___ DATA RECORDS

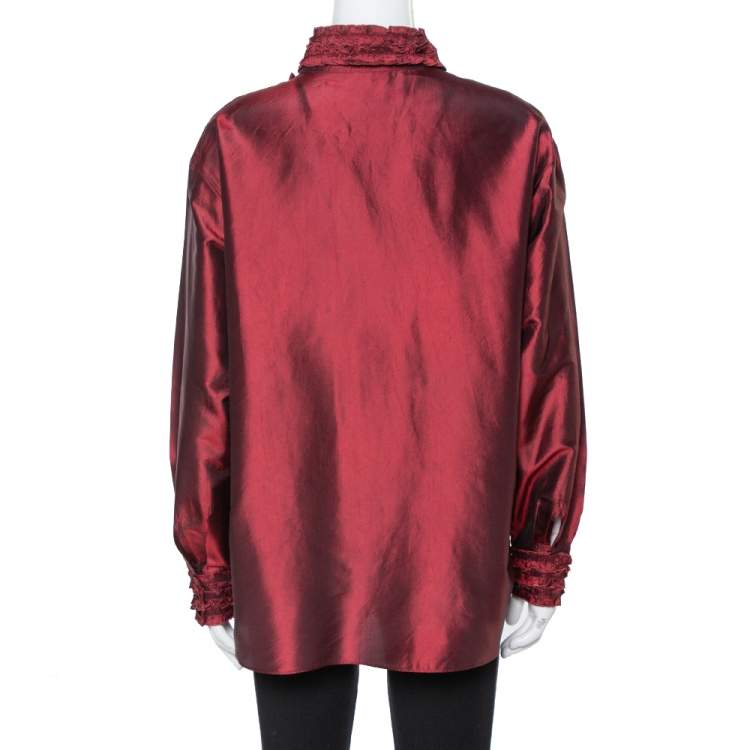 Pre Owned Kenzo Maroon Silk Ruffled Detail Long Sleeve Blouse M 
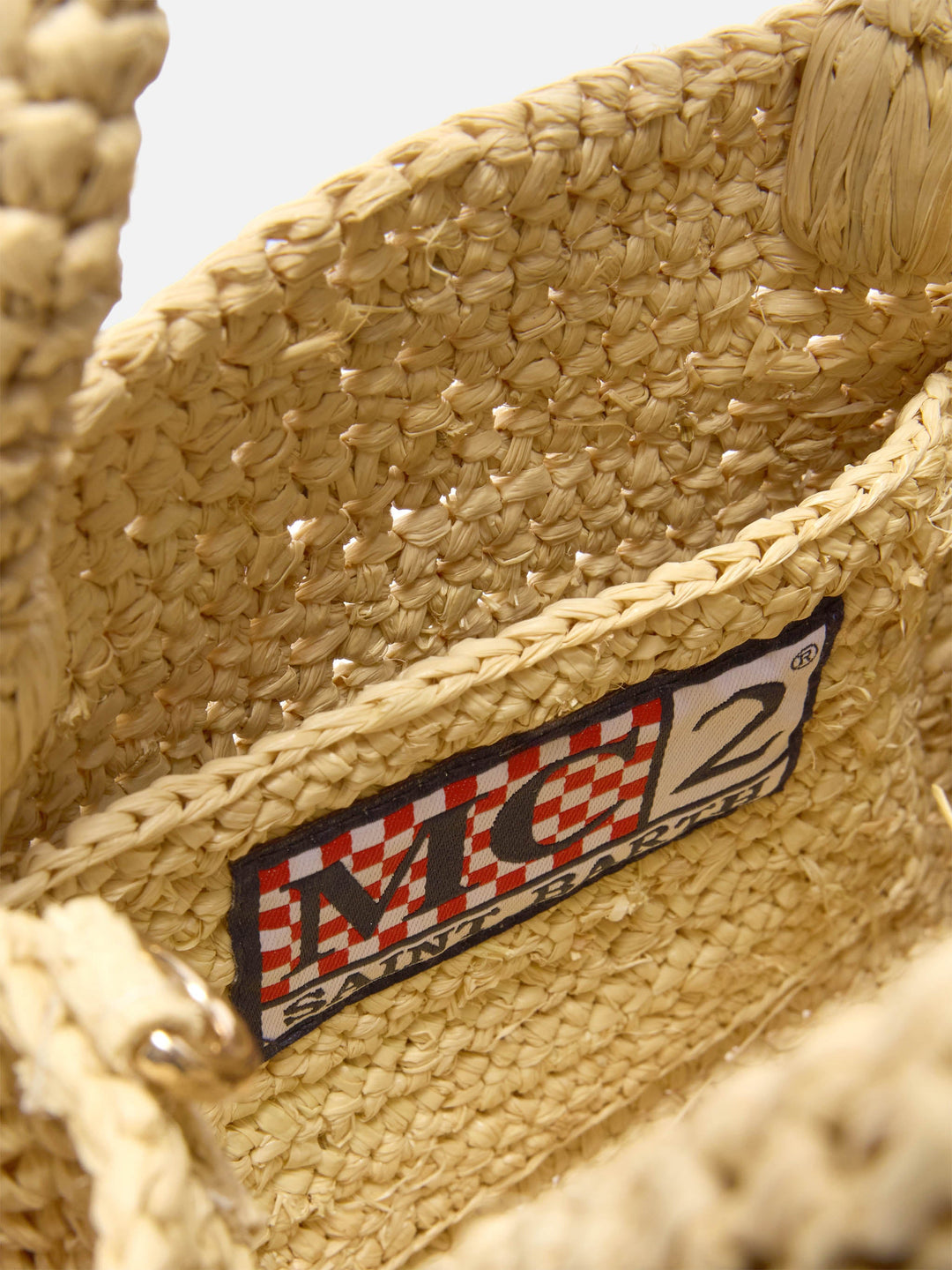 Mini Vanity Bag in Raffia with Side Fringes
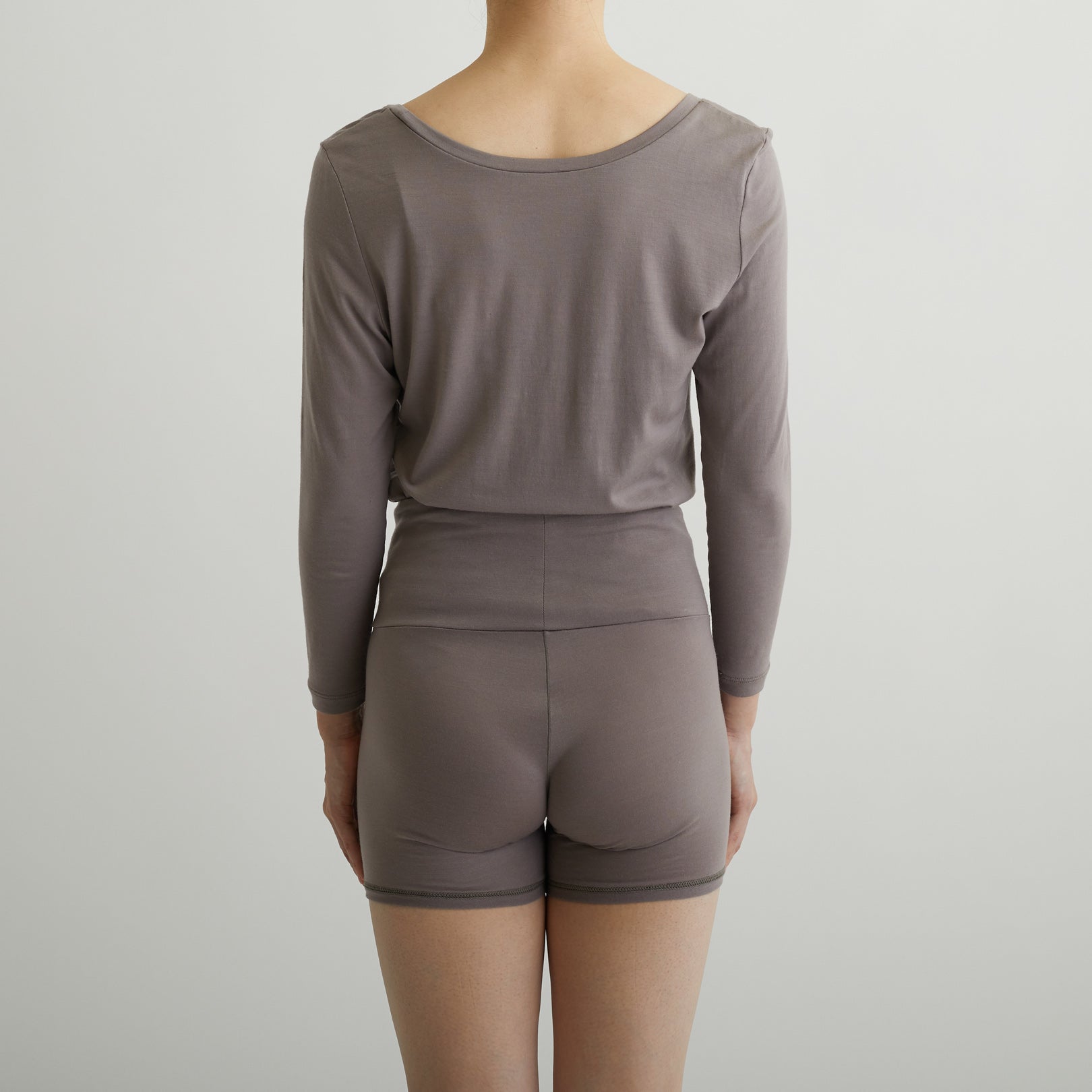 100% Merino Wool Jersey High Waist Shorts in Taupe (2022 model)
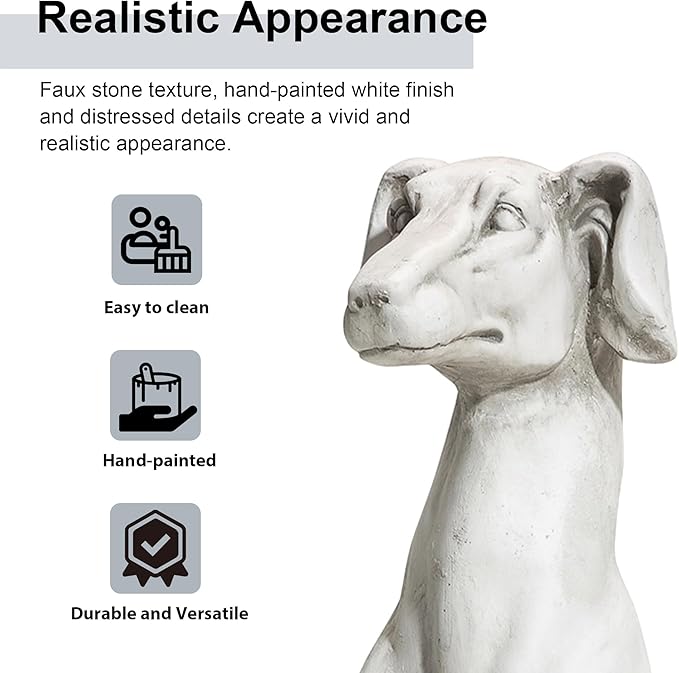 Glitzhome Sitting Dog Garden Statue, Outdoor Statue Garden Lawn Greyhound Sculpture Decorative Animal Guardian Sentinel for Driveway Porch Patio 32 Inch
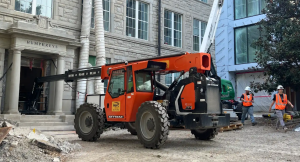 The Humphreys Building undergoes construction on both the inside and outside on Sept. 4. The building has been under construction since December 2023 and the renovations will include an update to all major systems, create open spaces and modernize classrooms.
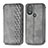 Leather Case Stands Flip Cover Holder S01D for Motorola Moto G Play Gen 2 Gray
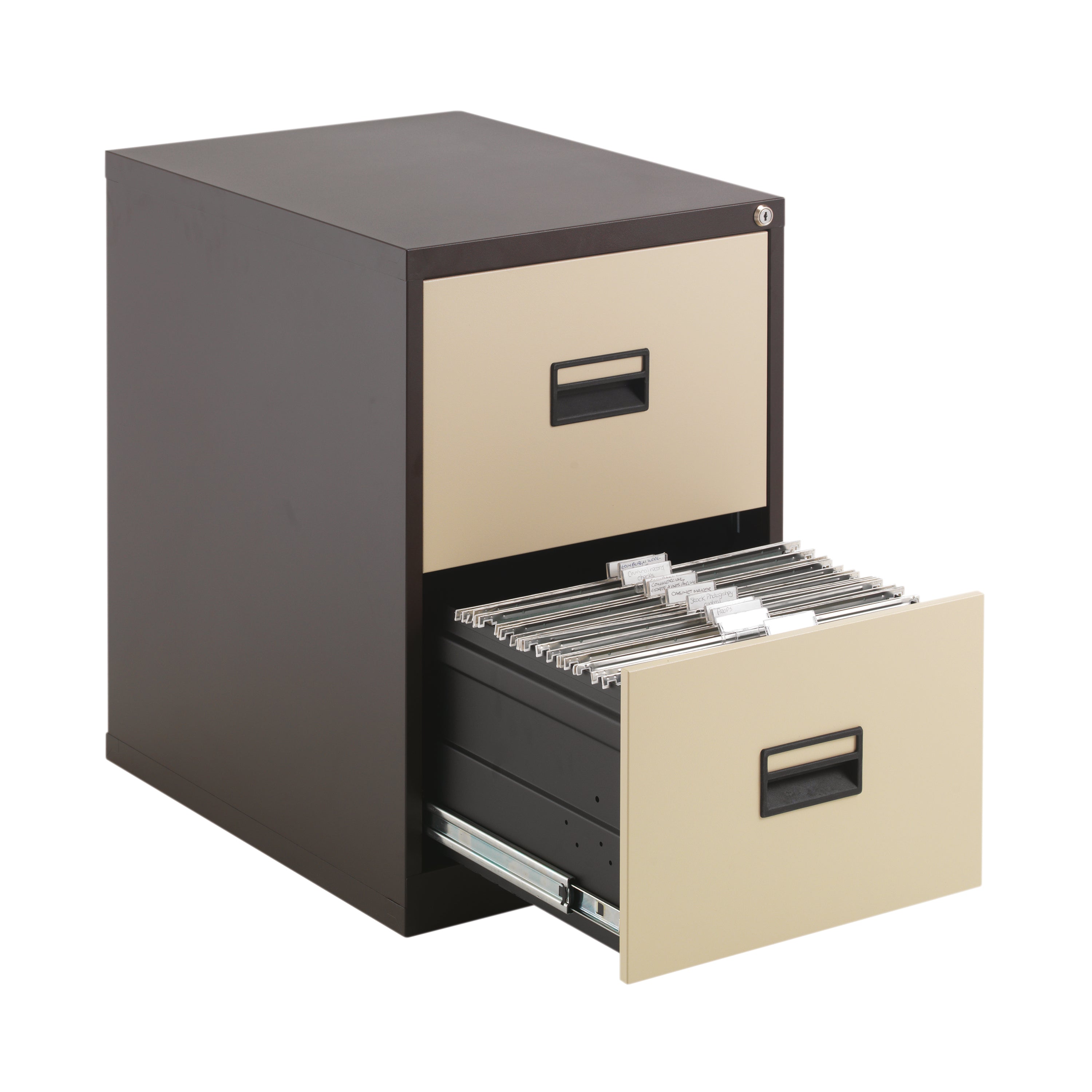 Talos 2 Drawer Filing Cabinet 465x620x700mm Coffee Cream KF78763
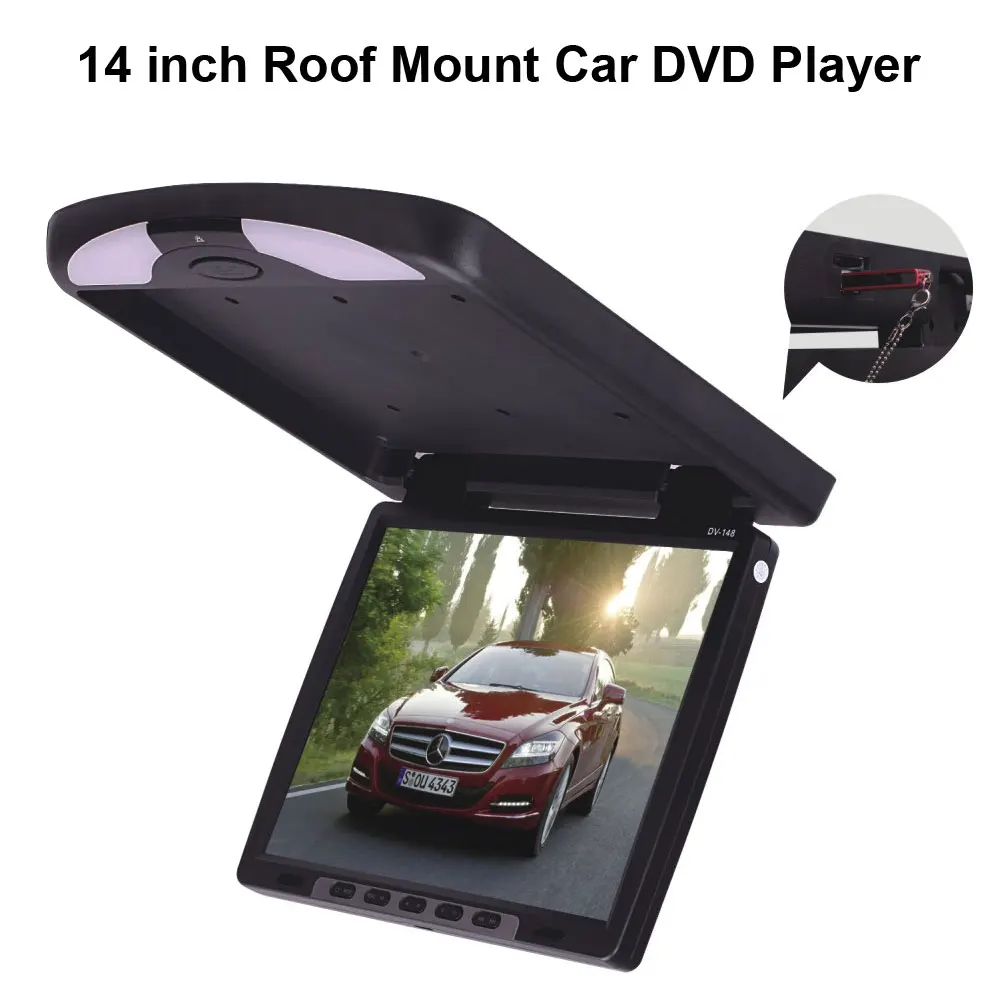 Автомобильный dvd плеер с креплением на крышу 14 дюймов|dvd player car stereo|dvd with rmvbdvd flip down |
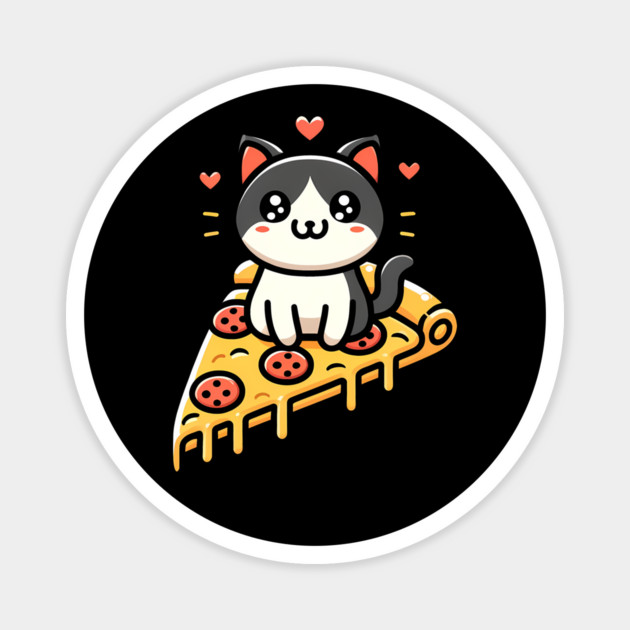 Kawaii Cat with Pizza Magnet by logiamerch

______

For each entry above, write it out again exactly but leave out any picture.

→ **SOLVED PROBLEM**:
 Pre Owned Kenzo Maroon Silk Ruffled Detail Long Sleeve Blouse M 
 Mini Vanity Bag in Raffia with Side Fringes
 100% Merino Wool Jersey High Waist Shorts in Taupe (2022 model)
 Glitzhome Sitting Dog Garden Statue, Outdoor Statue Garden Lawn Greyhound Sculpture Decorative Animal Guardian Sentinel for Driveway Porch Patio 32 Inch
 The Humphreys Building undergoes construction on both the inside and outside on Sept. 4. The building has been under construction since December 2023 and the renovations will include an update to all major systems, create open spaces and modernize classrooms.
 Leather Case Stands Flip Cover Holder S01D for Motorola Moto G Play Gen 2 Gray
 Talos 2 Drawer Filing Cabinet 465x620x700mm Coffee Cream KF78763
 Автомобильный dvd плеер с креплением на крышу 14 дюймов|dvd player car stereo|dvd with rmvbdvd flip down |
 Kawaii Cat with Pizza Magnet by logiamerch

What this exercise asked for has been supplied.